Would you output the following records verbatim and skip the images in them?

Stored data
BEGIN
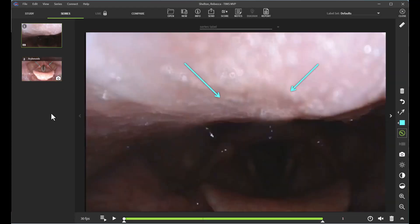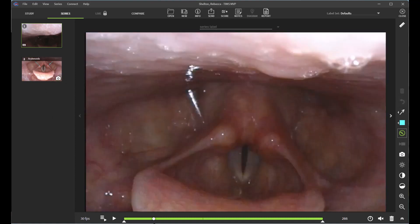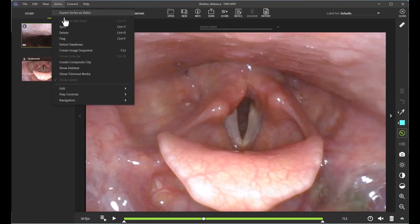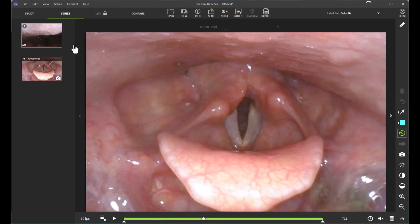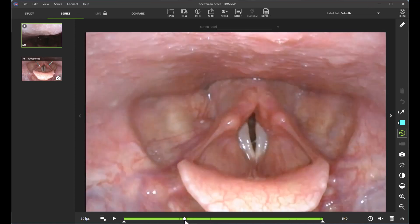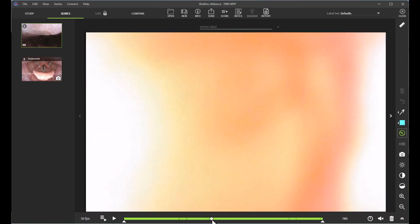Another feature discussed in a previous video is the ability to assess where swallows happened. I can turn this on by clicking the Series tab and clicking Detect Swallows. As you might notice, there are little gray lines appearing along the timeline — this is indicative of a swallow occurrence. This helps make the editing and reviewing process faster for those recording the entirety of a FEES study without stopping between trials.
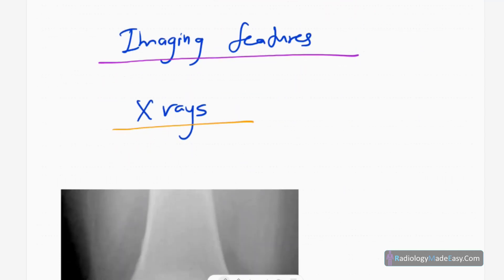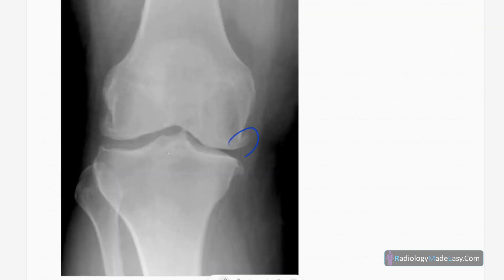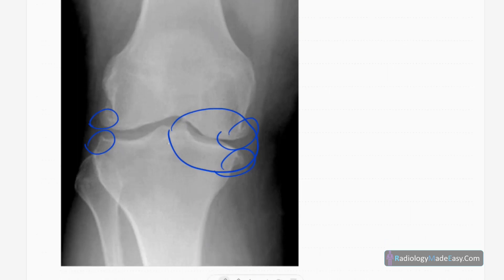Now let's look at the imaging findings, starting with X-rays. This is the anteroposterior radiograph of the knee joint in a skeletally mature patient — it's early disease. You can see marginal osteophyte formation in both the tibial and femoral articular surfaces. Mainly the early involvement is seen in the medial compartment. There is subtle joint space narrowing and osteophyte formation, with no subluxations and no subchondral sclerosis.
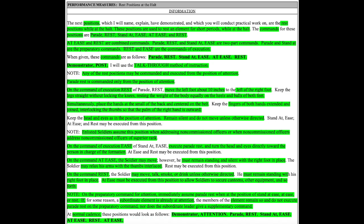The next positions which I will name, explain, have demonstrated and which you will conduct practical work on are the rest positions while at the halt. These positions are used to rest an element for short periods while at the halt.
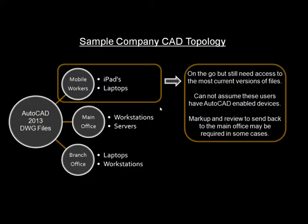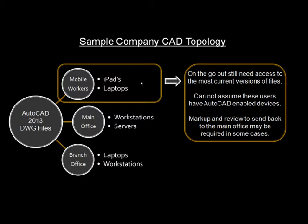In this segment, we're going to assume that a mobile worker on an iPad or laptop has received an invitation to work with a shared file. For this example, we'll assume the person does not have AutoCAD on their mobile device. For an iPad, obviously that would be true. For a laptop, it may or may not be. We'll look at different options for how these shared files can be worked with on the mobile device.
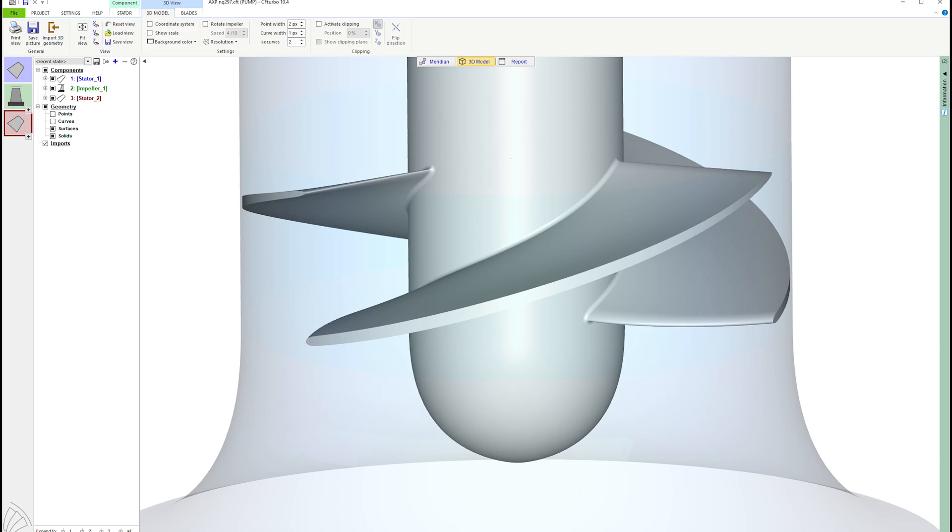As you've seen, CF Turbo is a user-friendly, straightforward solution for axial pump design and 3D CFD simulation. To register for a free trial and to learn more about our engineering services, visit CFTurbo.com.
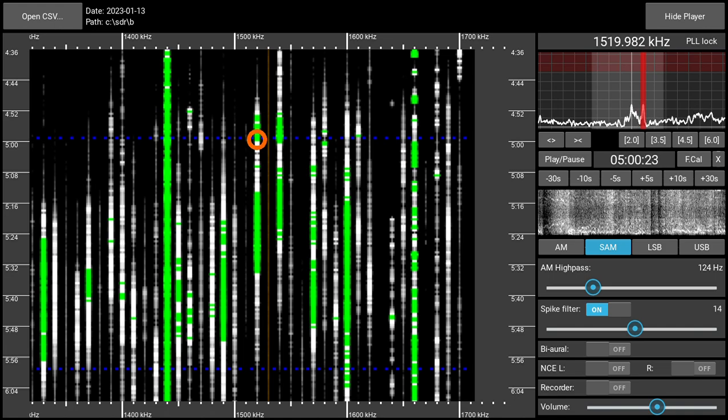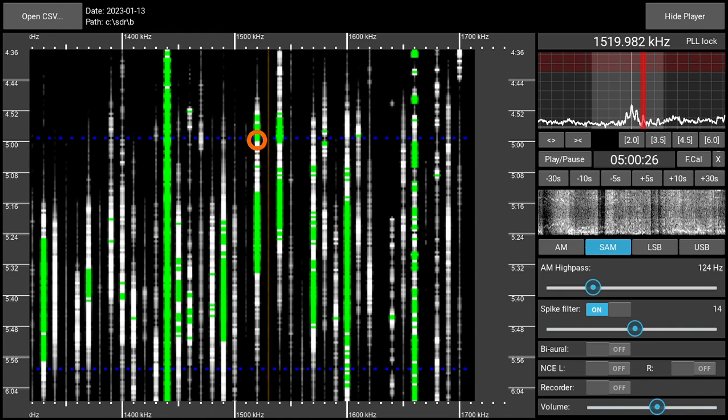You're listening to the J.R. Sports Radio on CBS Sports Radio.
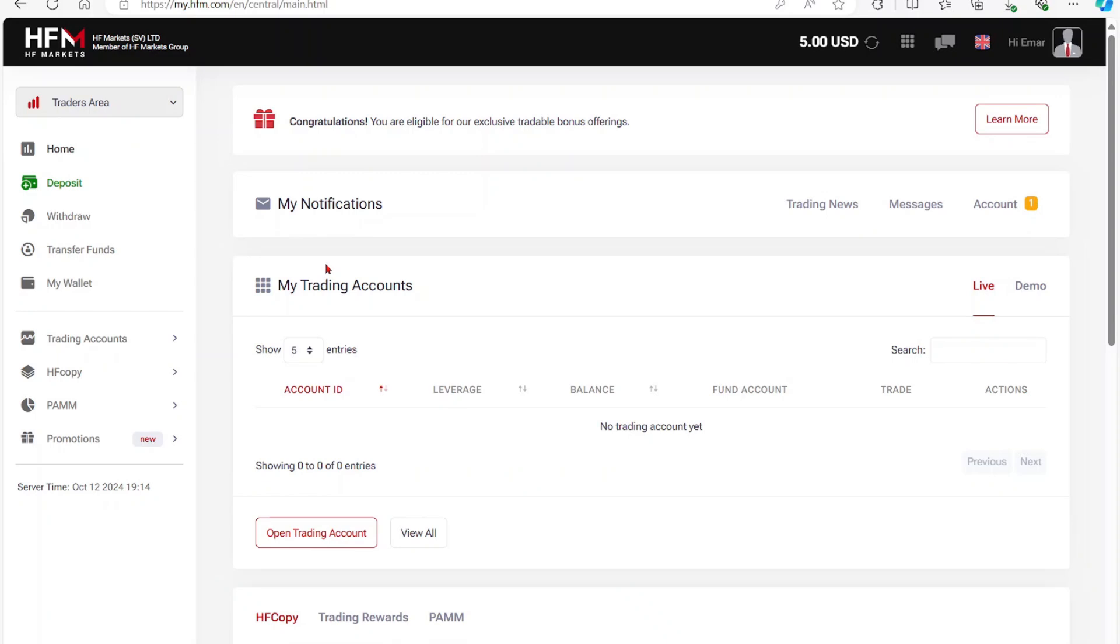In this video, I'll be sharing with you how you can withdraw from HF Markets. Ensure that you're in the trader's area, then select withdraw.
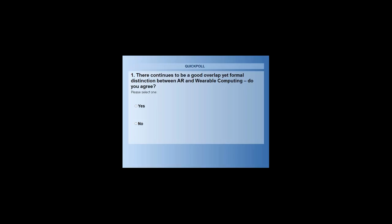At this point, let's initiate the first poll, which is around the connect between augmented reality and wearable computing — and whether you all agree there is an overlap or not. We'll give you a few seconds to answer before we interpret the results.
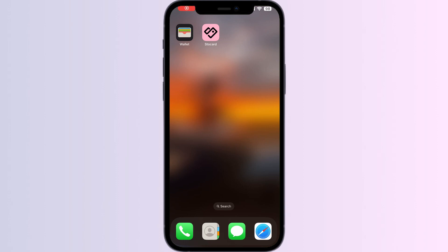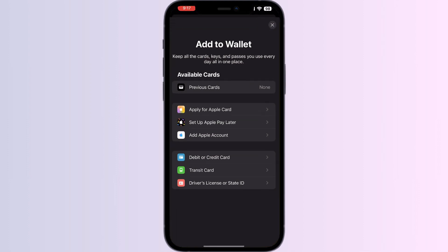Hello guys, welcome to another video in which we will be discussing how to add a Nectar card to Apple Wallet. As you all know, you can't add an external card other than a debit, credit, or transit card directly from the Apple Wallet itself. But don't worry — in this video we will help you find a solution for it.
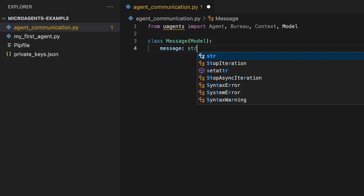We need to specify a custom data model for messages. A custom data model defines the fields and properties of an object, allowing the representation of structured data in a meaningful way. Here, the custom data model Message is defined as a class with a single field, message, of type string. Any message sent using the Message data model will have a message field containing a string value. By defining a custom data model, we can ensure that the message's data is structured and can be easily parsed and manipulated by the receiving agent.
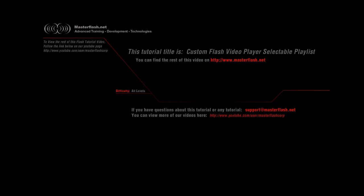Alright, here is a custom Flash video player, one of many through MasterFlash.net. This is only a sample video showing you bits and pieces of what's part of the actual four or five hour tutorial.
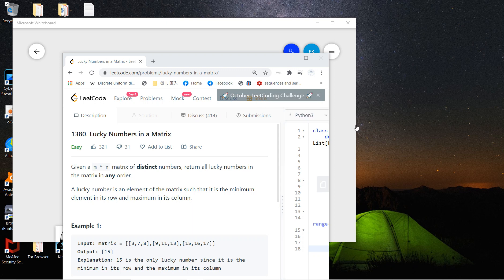Welcome guys, welcome to my LeetCode solving session. This problem is called 'Lucky Numbers in a Matrix'.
END
**PROBLEM SOLUTION**
Another feature discussed in a previous video is the ability to assess where swallows happened. I can turn this on by clicking the Series tab and clicking Detect Swallows. As you might notice, there are little gray lines appearing along the timeline — this is indicative of a swallow occurrence. This helps make the editing and reviewing process faster for those recording the entirety of a FEES study without stopping between trials.
Now let's look at the imaging findings, starting with X-rays. This is the anteroposterior radiograph of the knee joint in a skeletally mature patient — it's early disease. You can see marginal osteophyte formation in both the tibial and femoral articular surfaces. Mainly the early involvement is seen in the medial compartment. There is subtle joint space narrowing and osteophyte formation, with no subluxations and no subchondral sclerosis.
The next positions which I will name, explain, have demonstrated and which you will conduct practical work on are the rest positions while at the halt. These positions are used to rest an element for short periods while at the halt.
In this segment, we're going to assume that a mobile worker on an iPad or laptop has received an invitation to work with a shared file. For this example, we'll assume the person does not have AutoCAD on their mobile device. For an iPad, obviously that would be true. For a laptop, it may or may not be. We'll look at different options for how these shared files can be worked with on the mobile device.
As you've seen, CF Turbo is a user-friendly, straightforward solution for axial pump design and 3D CFD simulation. To register for a free trial and to learn more about our engineering services, visit CFTurbo.com.
You're listening to the J.R. Sports Radio on CBS Sports Radio.
In this video, I'll be sharing with you how you can withdraw from HF Markets. Ensure that you're in the trader's area, then select withdraw.
At this point, let's initiate the first poll, which is around the connect between augmented reality and wearable computing — and whether you all agree there is an overlap or not. We'll give you a few seconds to answer before we interpret the results.
Hello guys, welcome to another video in which we will be discussing how to add a Nectar card to Apple Wallet. As you all know, you can't add an external card other than a debit, credit, or transit card directly from the Apple Wallet itself. But don't worry — in this video we will help you find a solution for it.
We need to specify a custom data model for messages. A custom data model defines the fields and properties of an object, allowing the representation of structured data in a meaningful way. Here, the custom data model Message is defined as a class with a single field, message, of type string. Any message sent using the Message data model will have a message field containing a string value. By defining a custom data model, we can ensure that the message's data is structured and can be easily parsed and manipulated by the receiving agent.
Alright, here is a custom Flash video player, one of many through MasterFlash.net. This is only a sample video showing you bits and pieces of what's part of the actual four or five hour tutorial.
Welcome guys, welcome to my LeetCode solving session. This problem is called 'Lucky Numbers in a Matrix'.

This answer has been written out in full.